Recurring exposure patterns of this nature reflect governance and cloud configuration management gaps rather than software vulnerabilities.

Elasticsearch is not inherently insecure; however, when deployed without authentication, network segmentation, and access control enforcement, it effectively becomes a publicly searchable identity repository.

Threat actors continuously scan for open Elasticsearch services. Once identified, extraction requires minimal effort and no exploitation.

Response Actions: Takedown Effort

Upon discovery, SOCRadar initiated response tracks.

The exposed Elasticsearch instance appears to be hosted by a third-party hosting provider, while the actual data owner remains unidentified at the time of publication. Our analysts initiated outreach efforts to identify the responsible entity and coordinate remediation. The objective is clear: ensure the database is secured and no longer publicly accessible.

This structured response model demonstrates how exposure monitoring must move beyond discovery into verification, intelligence integration, and remediation coordination.

Infrastructure Hardening and Identity Risk Monitoring

To reduce exposure risks, organizations should:

  • Restrict Elasticsearch access to internal networks
  • Enable authentication and role-based access control
  • Enforce IP allowlisting
  • Disable direct internet exposure of port 9200
  • Monitor cloud configurations for misconfigured services
  • Implement continuous external attack surface visibility

Exposure discovery must extend beyond internal monitoring. Public-facing databases, shadow IT assets, and forgotten environments frequently remain outside traditional security oversight.

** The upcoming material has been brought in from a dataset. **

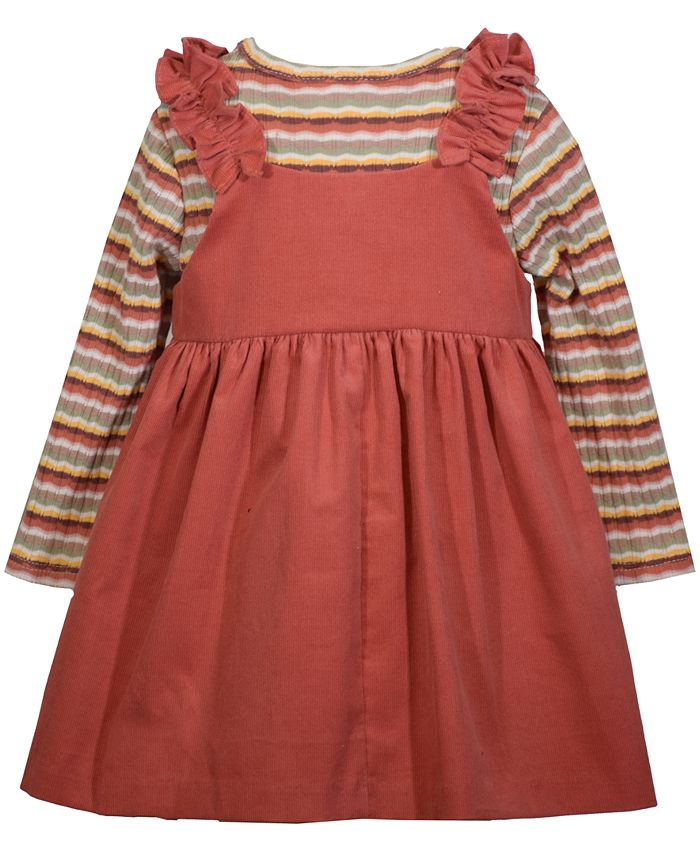 Bonnie Baby Baby Girls Jumper with Rouched Straps, Pockets and Coordinating Striped Rib Onesie
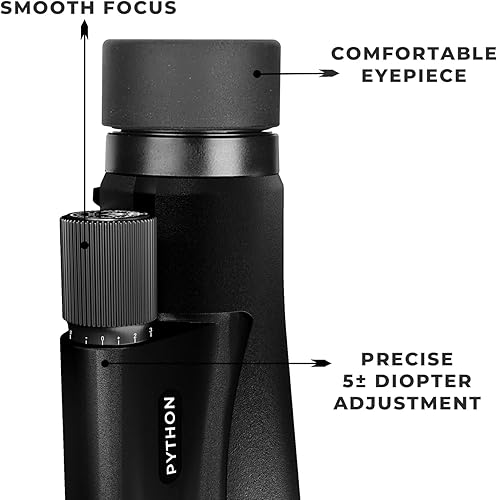 Miniatura 5 de Python Range Master Ultra HD - Telescopio monocular de alta potencia de 12 x 52 pulgadas con soporte para teléfono, bolsa de cuero, correa de mano,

How SOCRadar Detects and Mitigates Identity Exposure

Internal security tools often fail to detect publicly exposed databases. Once a service becomes internet-facing, it moves outside conventional perimeter controls. SOCRadar bridges that visibility gap. By combining capabilities such as External Attack Surface Management (ASM), Sensitive Data Exposure Monitoring, and Brand Protection, we continuously scan for exposed services and identity datasets across the open internet.

When full identity records or SSN-linked datasets are identified, our team analyzes the exposure, validates authenticity, assesses risk, and notifies affected stakeholders.

This enables:

  • Early exposure detection
  • Fraud risk reduction
  • Executive and customer protection
  • Proactive remediation before exploitation escalates

SOCRadar’s Attack Surface Management, Digital Footprint

SOCRadar’s Attack Surface Management, Digital Footprint

Industry Impact and Why This Discovery Matters

The exposure of approximately 676 million U.S.-based identity records, including full SSNs, represents one of the largest publicly accessible identity datasets identified in recent monitoring efforts.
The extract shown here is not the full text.